[What you will do]:
Using the records below, return exactly the lines from the one containing "Today In History" through the last, and omit pictures.
---- Data
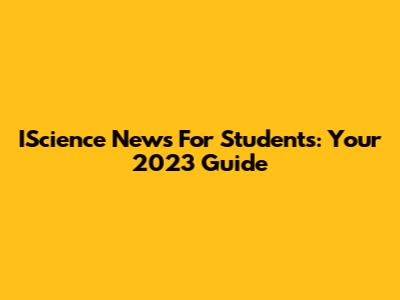 IScience News For Students: Your 2023 Guide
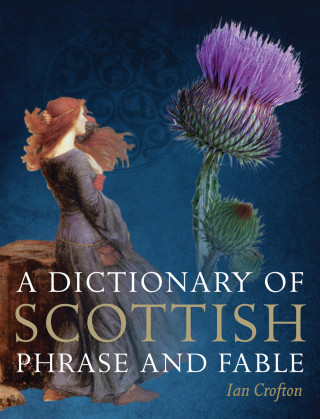 Ian Crofton: A Dictionary of Scottish Phrase and Fable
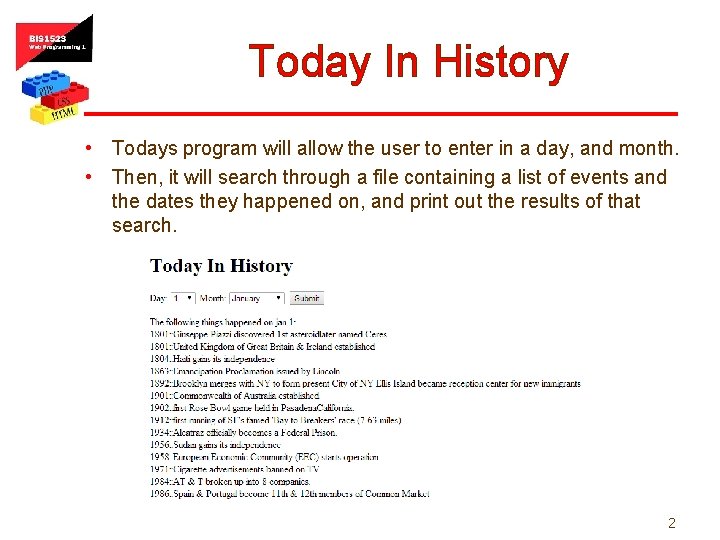 Today In History • Todays program will allow the user to enter in a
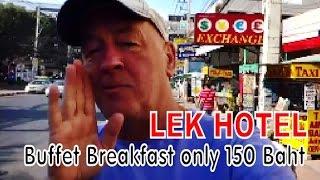 Pattaya Lek Hotel Morning buffet breakfast. European & Thai cuisine. only 150 Baht.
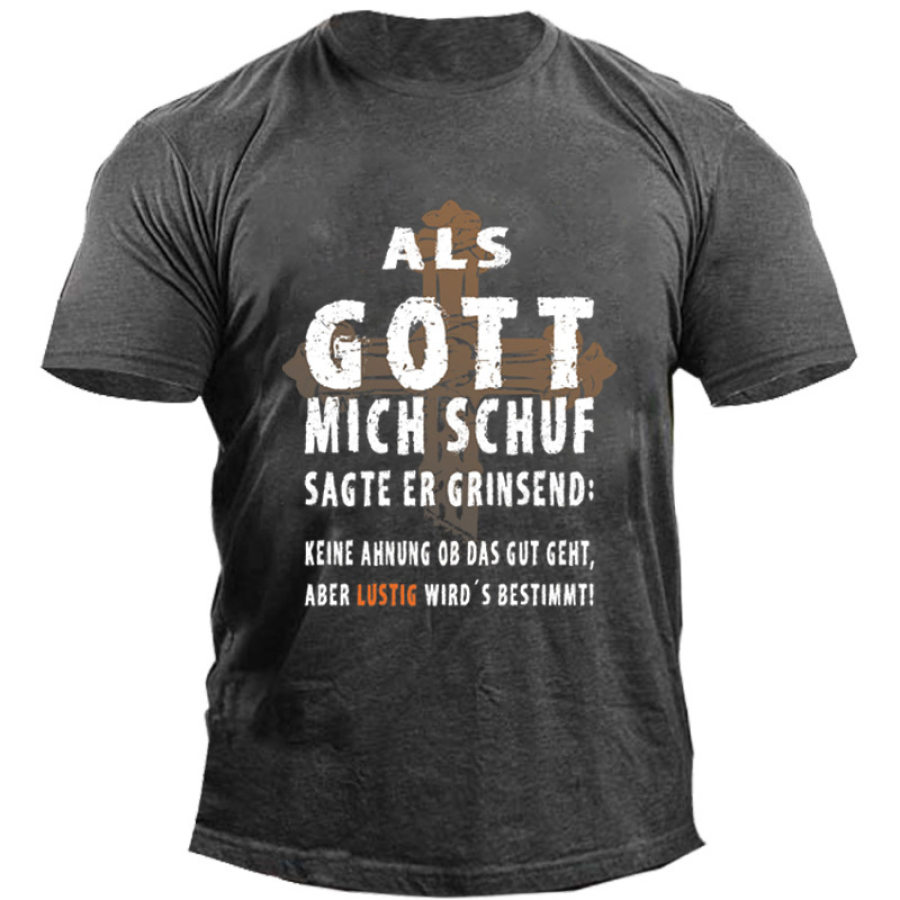 

Мужская хлопковая футболка с принтом Als Gott Mich Schuf Lustiger Spruch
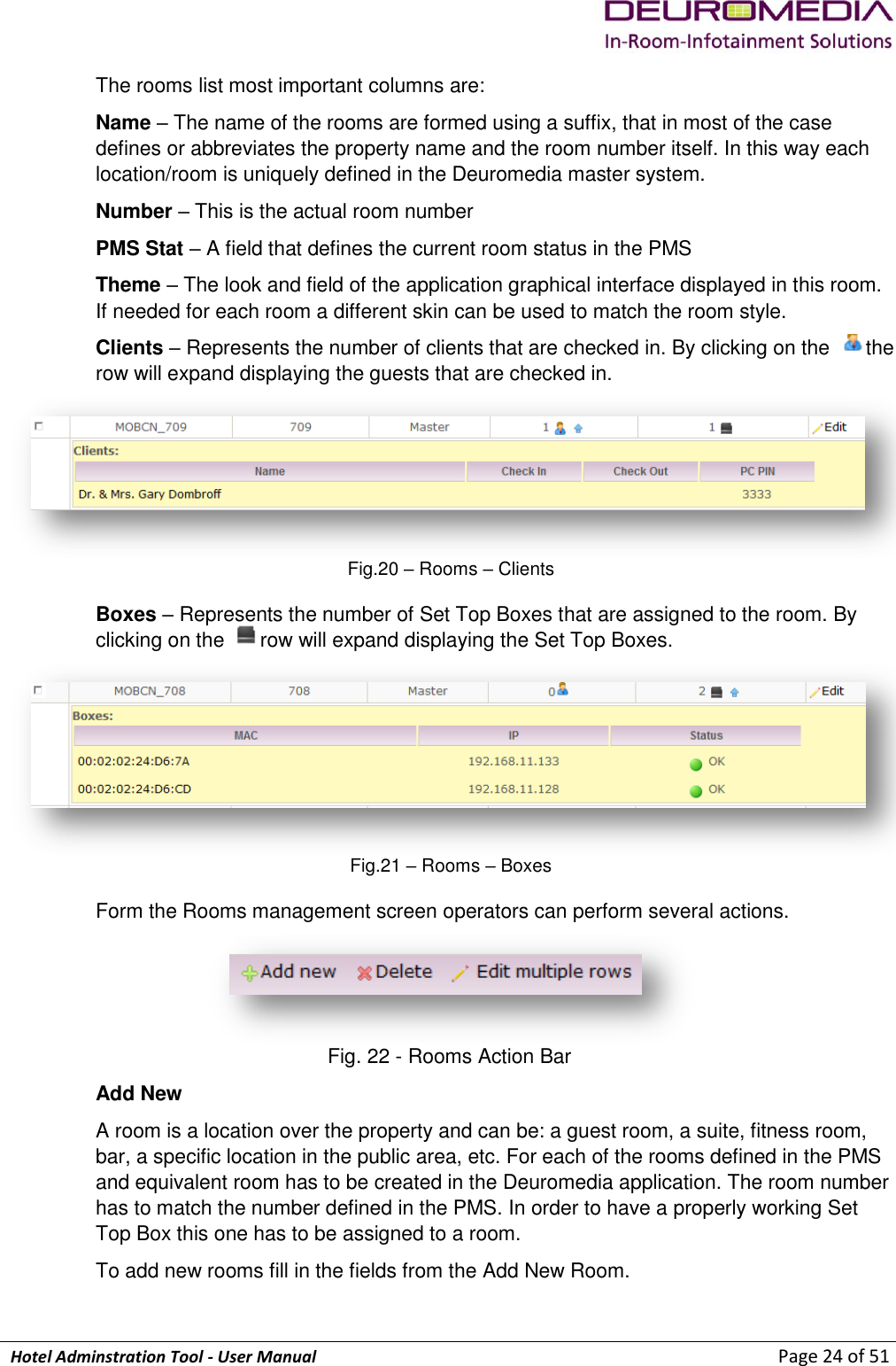             Hotel Adminstration Tool - User Manual                        Page 24 of 51 The rooms list most important columns are: Name – The name of the rooms are formed using a suffix, that in most of the case defines or abbreviates the property name and the room number itself. In this way each location/room is uniquely defined in the Deuromedia master system. Number – This is the actual room number PMS Stat – A field that defines the current room status in the PMS Theme – The look and field of the application graphical interface displayed in this room. If needed for each room a different skin can be used to match the room style. Clients – Represents the number of clients that are checked in. By clicking on the  the row will expand displaying the guests that are checked in.  Fig.20 – Rooms – Clients Boxes – Represents the number of Set Top Boxes that are assigned to the room. By clicking on the  row will expand displaying the Set Top Boxes.  Fig.21 – Rooms – Boxes Form the Rooms management screen operators can perform several actions.  Fig. 22 - Rooms Action Bar Add New A room is a location over the property and can be: a guest room, a suite, fitness room, bar, a specific location in the public area, etc. For each of the rooms defined in the PMS and equivalent room has to be created in the Deuromedia application. The room number has to match the number defined in the PMS. In order to have a properly working Set Top Box this one has to be assigned to a room.  To add new rooms fill in the fields from the Add New Room. 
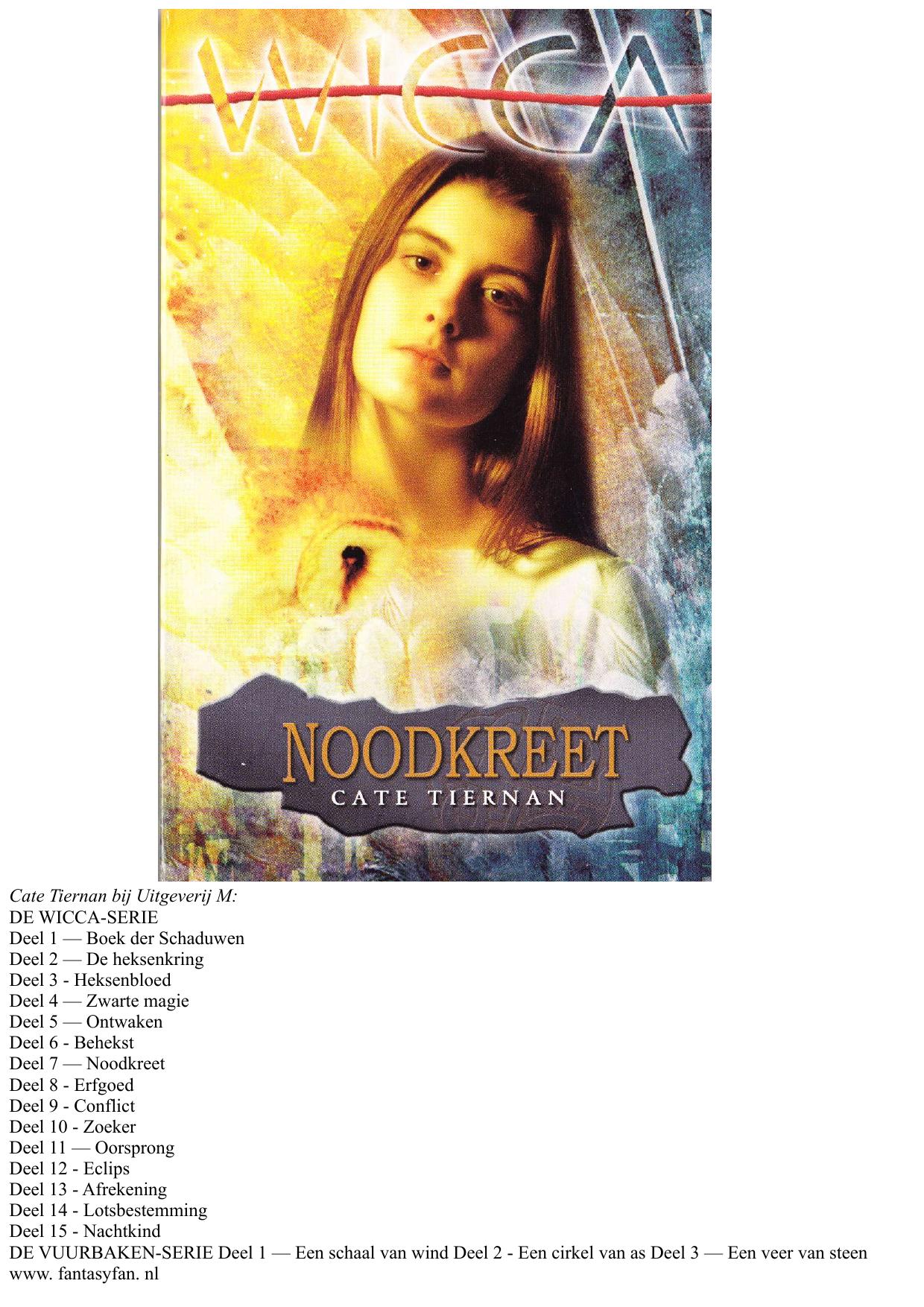 Wicca deel 07 - Noodkreet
--------
[Finished task]:
 Today In History • Todays program will allow the user to enter in a
 Pattaya Lek Hotel Morning buffet breakfast. European & Thai cuisine. only 150 Baht.

Мужская хлопковая футболка с принтом Als Gott Mich Schuf Lustiger Spruch
             Hotel Adminstration Tool - User Manual                        Page 24 of 51 The rooms list most important columns are: Name – The name of the rooms are formed using a suffix, that in most of the case defines or abbreviates the property name and the room number itself. In this way each location/room is uniquely defined in the Deuromedia master system. Number – This is the actual room number PMS Stat – A field that defines the current room status in the PMS Theme – The look and field of the application graphical interface displayed in this room. If needed for each room a different skin can be used to match the room style. Clients – Represents the number of clients that are checked in. By clicking on the  the row will expand displaying the guests that are checked in.  Fig.20 – Rooms – Clients Boxes – Represents the number of Set Top Boxes that are assigned to the room. By clicking on the  row will expand displaying the Set Top Boxes.  Fig.21 – Rooms – Boxes Form the Rooms management screen operators can perform several actions.  Fig. 22 - Rooms Action Bar Add New A room is a location over the property and can be: a guest room, a suite, fitness room, bar, a specific location in the public area, etc. For each of the rooms defined in the PMS and equivalent room has to be created in the Deuromedia application. The room number has to match the number defined in the PMS. In order to have a properly working Set Top Box this one has to be assigned to a room.  To add new rooms fill in the fields from the Add New Room. 
 Wicca deel 07 - Noodkreet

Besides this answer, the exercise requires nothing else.